• _Exercise requirements_: From the line containing "Febi Bilstein 38163 - Clutch Booster" down to the line containing "10283 105TH Terrace - Photo 31" in the records below, reproduce every line exactly, ends included, and omit all others.

** Records for the task follows **

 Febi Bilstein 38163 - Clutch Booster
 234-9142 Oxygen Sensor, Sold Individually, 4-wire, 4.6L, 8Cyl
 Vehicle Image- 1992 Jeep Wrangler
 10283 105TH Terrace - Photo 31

** End of Records for the task **
** Records for the task follows **

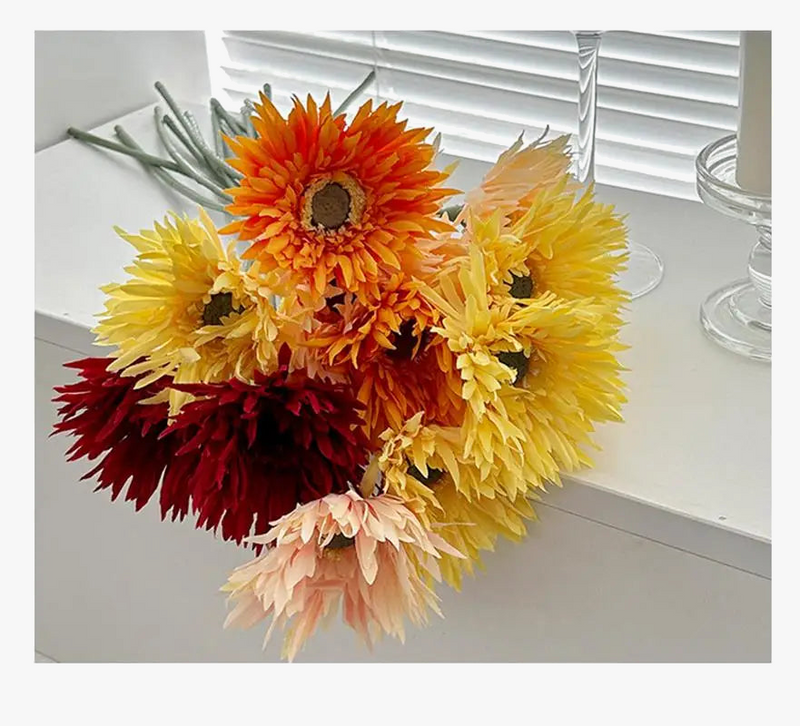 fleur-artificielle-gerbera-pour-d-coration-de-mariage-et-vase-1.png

** End of Records for the task **
** Records for the task follows **

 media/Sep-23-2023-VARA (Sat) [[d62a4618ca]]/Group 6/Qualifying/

** End of Records for the task **

• _Response to this exercise_:
 Febi Bilstein 38163 - Clutch Booster
 234-9142 Oxygen Sensor, Sold Individually, 4-wire, 4.6L, 8Cyl
 Vehicle Image- 1992 Jeep Wrangler
 10283 105TH Terrace - Photo 31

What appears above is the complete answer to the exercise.